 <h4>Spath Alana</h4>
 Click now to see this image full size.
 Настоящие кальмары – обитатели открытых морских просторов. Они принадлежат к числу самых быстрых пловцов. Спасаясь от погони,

===============

### What to work on
The line with "Click now to see this image full size.", plus every line after it through the end of the listing, needs to be repeated exactly; nothing else belongs in the reply.

### Exercise response
 Click now to see this image full size.
 Настоящие кальмары – обитатели открытых морских просторов. Они принадлежат к числу самых быстрых пловцов. Спасаясь от погони,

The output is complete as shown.